For the past 30 years, Western society has funneled its best and brightest minds into the financial sector. Harvard, Oxford and State U all sent their most illustrious stars into the wide-open galaxy of wealth creation, where the collisions of brainpower and avarice resulted in spectacularly profitable inventions like the now-poisonous derivatives market.
Real stars burn bright for far longer than our educated and privileged scions managed - so we must have just been shooting fancy fireworks up there. They exploded and wowed us all, but the empty shells came crashing down onto a rickety global economic structure.
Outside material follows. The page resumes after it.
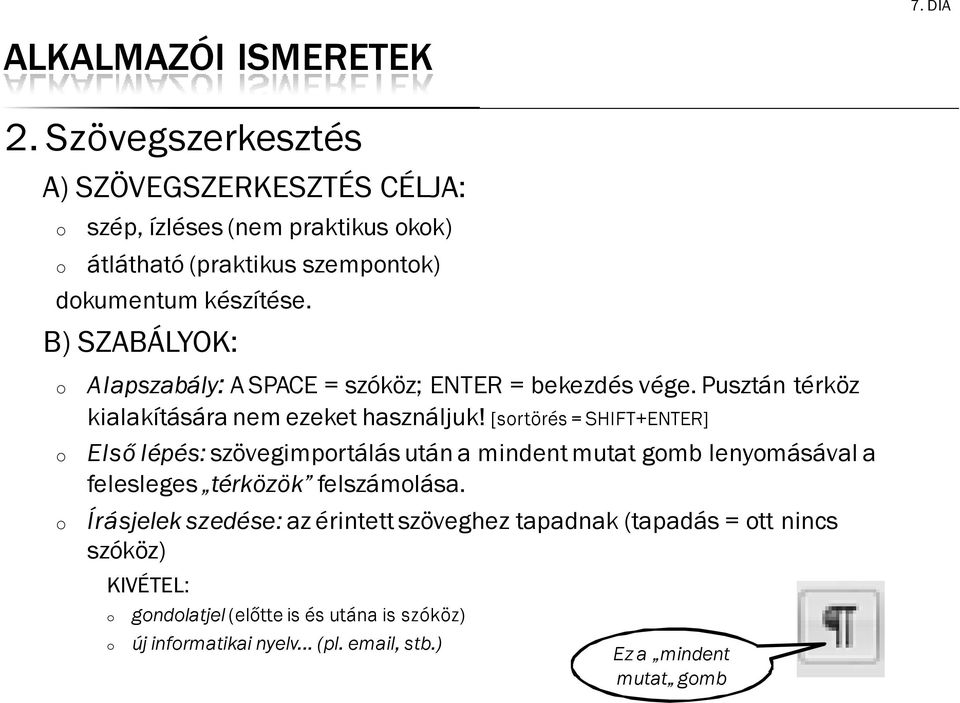 [srtörés = SHIFT+ENTER] Első lépés: szövegimprtálás után a mindent mutat gmb lenymásával a felesleges térközök felszámlása.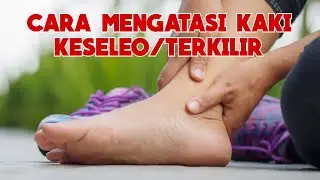 CARA MENGATASI CEDERA ENGKEL PADA KAKI || TOTOK SYARAF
Regular folks got kneecapped by Wall Street, and suddenly the term "working poor" became a much larger umbrella. Finance is shaky and volatile even in the best of times, but this market is the crowning achievement of a whole generation of preeminent talent dedicated to worthless fakery.
What does a society do when its most valuable people produce something of no value?
In Europe, the response has been to protest the government and do a little rioting. Mad at the banking system? Grab your finest bandanna and a hunk of concrete. Europe responds to the rapid degradation of living standards by inflicting damage on property, courting bloody noses with vital and angry dissent.
Here in America, we listen to talk radio and blog like mad. A nation of "first-time caller, long-time listeners" and message board bombers are we, quick to forcefully opine behind the comforting mask of technology.
This strategy works for us because, even now, we are at the top of the economic food chain. We can spend our way out of this regardless of what Europeans are screaming.
Last week in Davos, the leaders of the invested world stood up and said, "Not so fast, my friend." Russian, Chinese and major European leaders made sure that President Barack Obama and the most influential senators knew that globalization isn't just a fancy term.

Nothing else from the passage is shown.